After Hurricane Katrina, 18 miles of levees around Sacramento's newest neighborhood were beefed up and reconstructed beginning in 2007. That allowed a building ban in the area to be lifted.

But while the initial work addressed the worst sections of levees, it did not afford the goal of 200 year flood protection for the area. The agreement, which calls for collaborative funding, will allow repairs to be done on the 24 miles of levees that protect Natomas.

Congresswoman Doris Matsui has spearheaded federal funding efforts, which usually come in one-year appropriations increments.

She said climate change and the recent flooding in Louisiana are a reminder that work has to continue.

"We're in better shape than we've ever been. Thank goodness we're moving ahead anyway so our levees are strong, and they're going to bet stronger," Matsui said.

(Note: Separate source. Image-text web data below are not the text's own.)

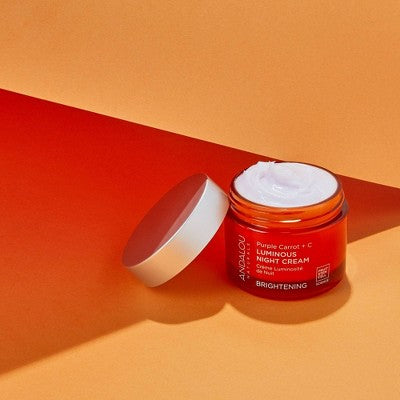 Andalou Naturals Purple Carrot and Vitamin C Luminous Night Cream 1.7oz - New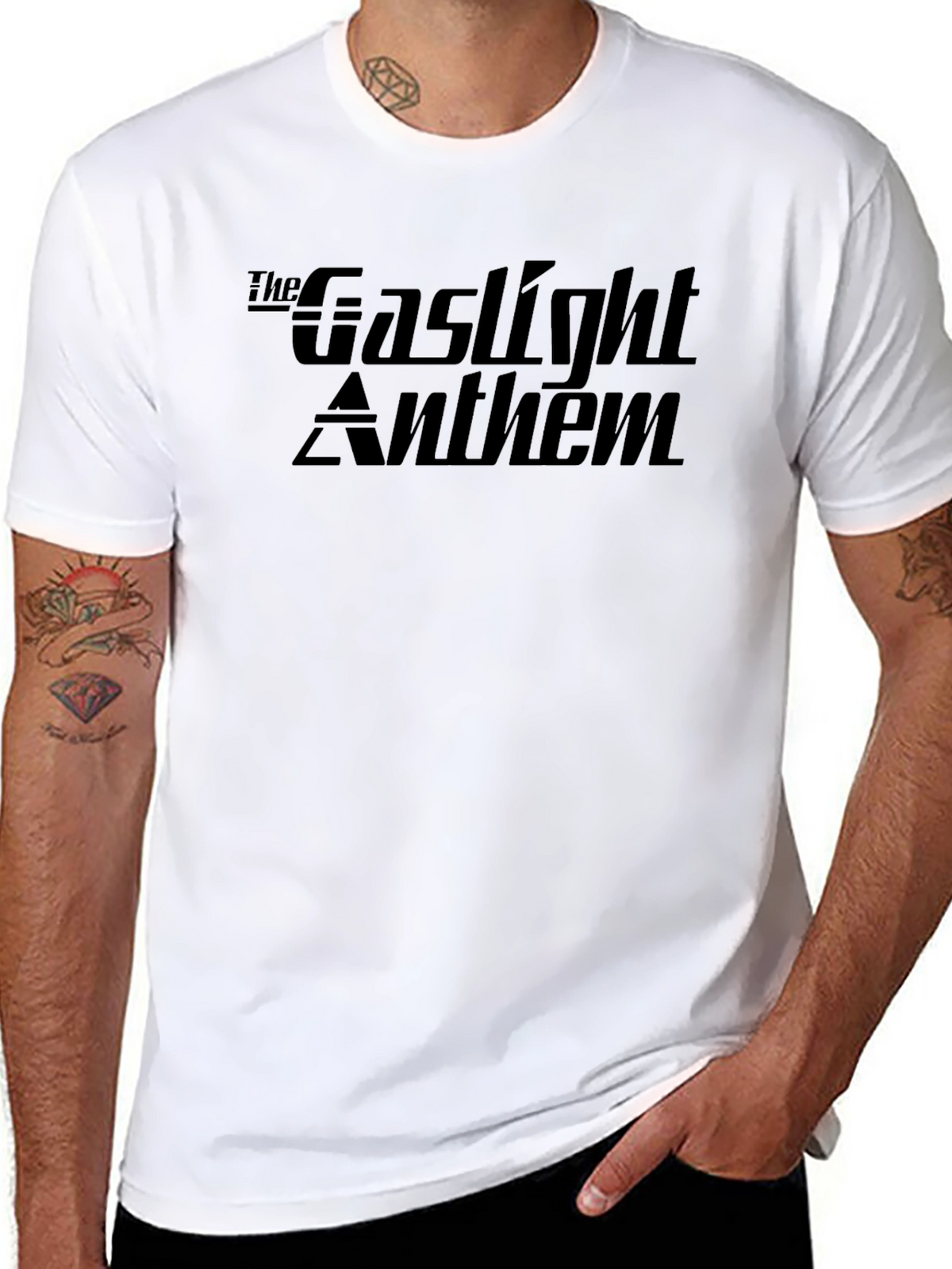 The Gaslight Anthem Band Logo Black T-Shirt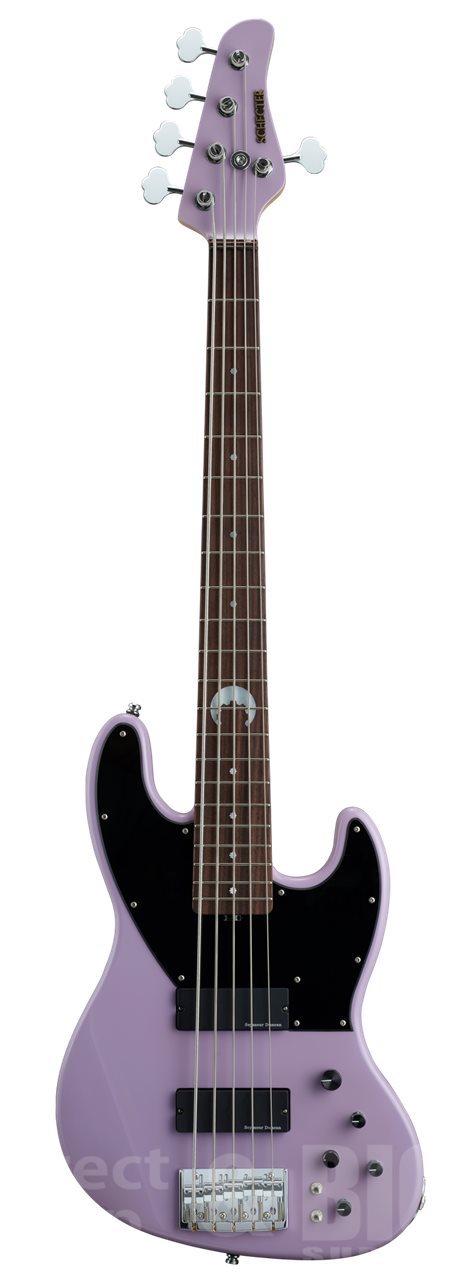 m*.様 Schecter エレキベース 4弦 フレイムデザイン SCHECTER AC-EXB-5-AveMujica/Timoris/SIG【Lilac】（新品/送料無料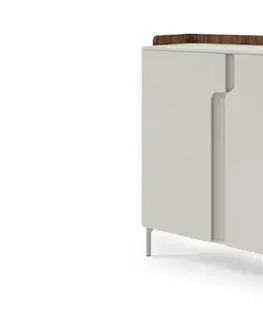 Komody Meblar  Komoda POSITANO P08 | cashmere / orech alba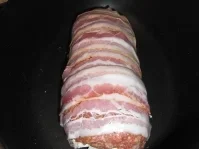 Hackbraten mit Feta und Bacon - Rezept - Bild Nr. 4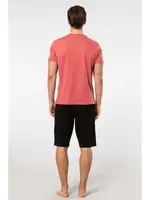 Kısa Kollu Modal Erkek Şort Pijama Takım Cacharel 2193 Mercan farklı açı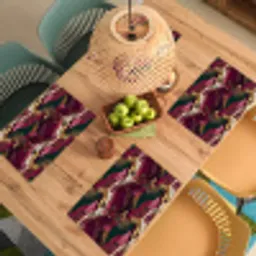 Magisch - Palmbomen - Goud Placemat vinyl groot 368 -zzsfeer5_Kitchenyeah-website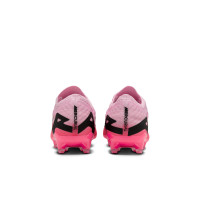 Nike Zoom Mercurial Vapor 15 Elite Kunstgras Voetbalschoenen (AG) Lichtroze Felroze Zwart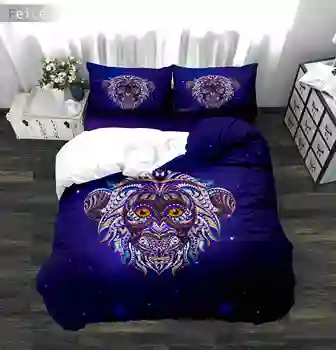 

3D Digital Mandala Flower Bedding Set Boho Duvet Cover Bohemian Comforter Bedspreads Bed Sets Bedroom Decor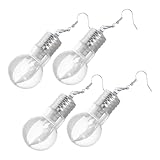 Boucles d'oreilles pendantes en forme d'ampoule - boucles d'oreilles créatives si durables qu'elles peuvent bien épouser vos oreilles et difficiles à tomber, décorations d'oreilles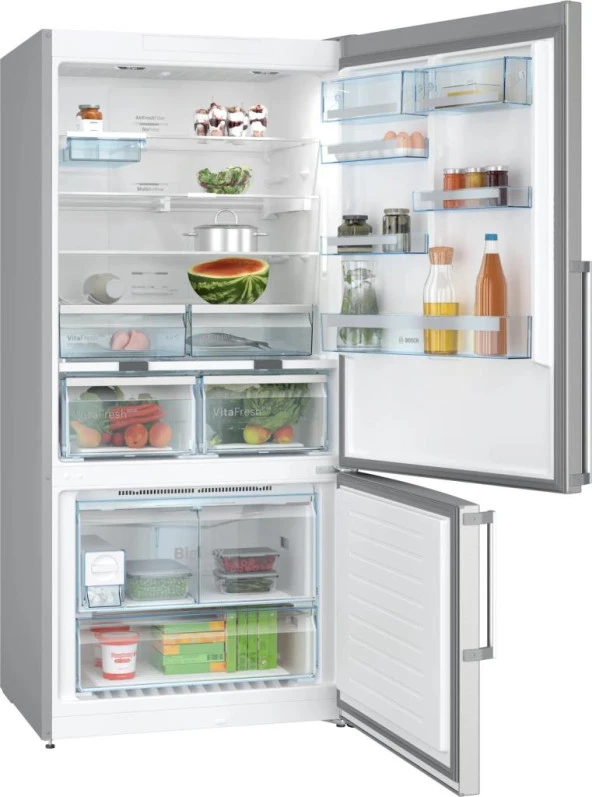 BOSCH KGN86AID2N 631 LT XXL NO-FROST KOMBİ INOX BUZDOLABI - 2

Congressman John Garamendi, who authored legislation consolidating local flood agencies when he was a state senator, said the challenge in Congress is to make sure the flow of money continues to augment state and local monies.

"We scramble for money and this project is in competition with other flood control projects around the nation but also with other programs," Garamendi said.

Chair of the Sacramento Flood Control Agency and Sacramento City Councilman Jeff Harris remembers evacuating from his River park neighborhood during the 1997 floods when water came withing two feet of topping a levee. He says reinforcing levees should be a priority.

"If any area in Sacramento floods we all lose, the economic detriment affects the entire city," said Harris.

But if all goes as planned, completion of a ring of levee protection around Natomas will be completed by 2024.